Fascinating reading about eating insects and other aspects of their lives by Dr Reville in this newspaper on Monday. Coincidentally, alarming reactions from a quick perusal of a book In Search of Nature by Edward O. Wilson who stated flatly: "The truth is, that we need invertebrates but they don't need us. If human beings were to disappear tomorrow, the world would go on with little change. Gaia, the totality of life on Earth, would set about healing itself and return to the rich environmental states of some 100,000 years ago. But if invertebrates were to disappear, it is unlikely that the human species could last more than a few months."
The writer then claims that, at the same time, most of the fish, amphibians, birds and mammals would "crash to extinction" about the same time. Then there would follow the majority of the flowering plants and thus the physical structure of the forests "and other terrestrial habitats of the world."
There is more to come: the soil would rot and as dead vegetation piled and dried out, other forms of vegetation would die out, and with them the last remaining vertebrates.
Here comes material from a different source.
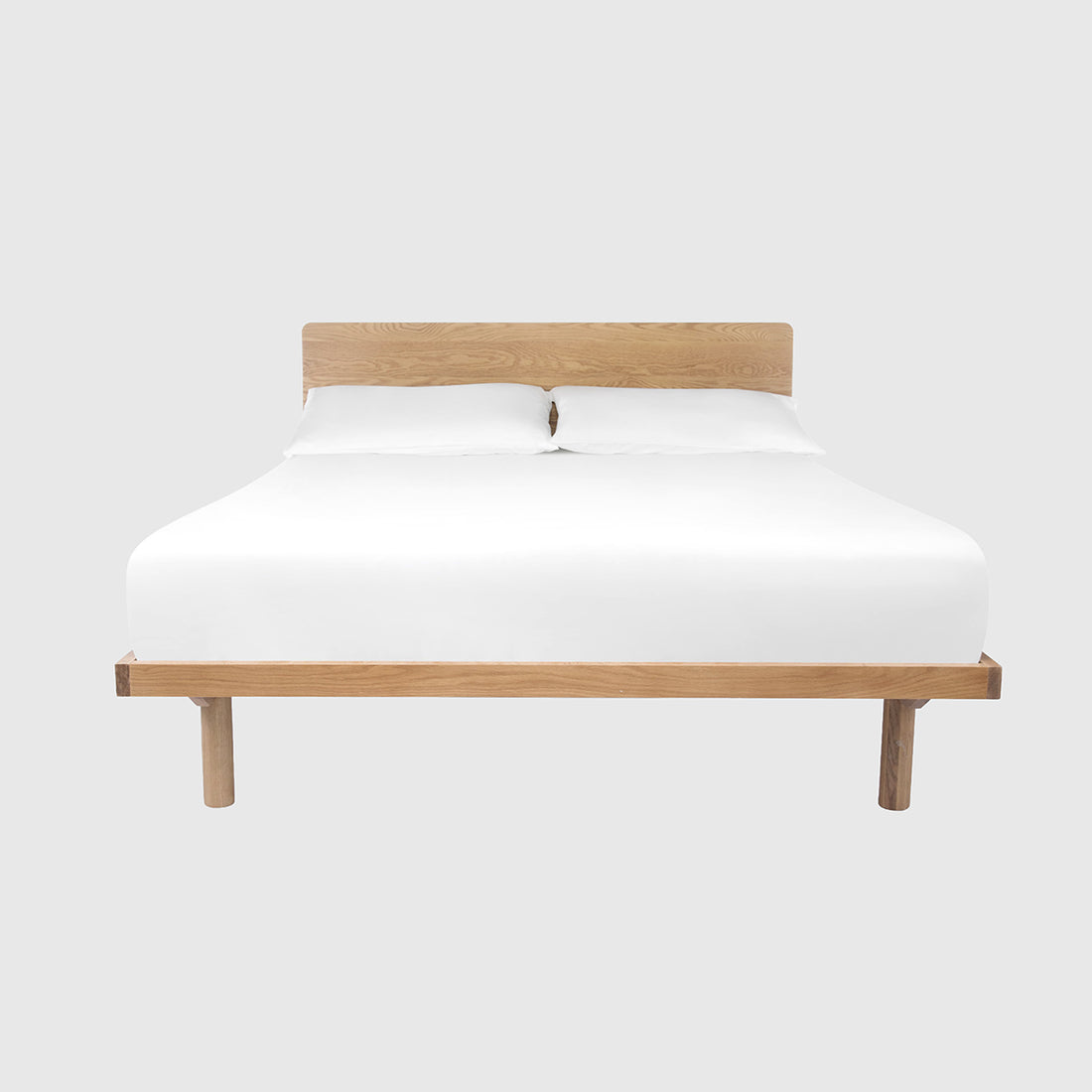 Sara Queen Bed – Solid Wood, Red Oak Finish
Fungi that remained, after a population explosion, would also perish. And the writer sums up "Within a few decades the world would return to the state of a billion years ago, composed primarily of bacteria, algae, and a few other very simple multicellular plants."
The author refers to the invertebrates as "these little creatures that run the world". And if you pick up a double handful of soil, he says, barren deserts apart, you find thousands of invertebrates, many of them only visible under the microscope. Some of them we don't even know by name, the writer says.
So, are farmers and the rest of us not to use pesticides, or to use the less deadly ones that are now being produced? Something of the message gets through. In Search of Nature: Island Press, Shearwater Books, Washington DC.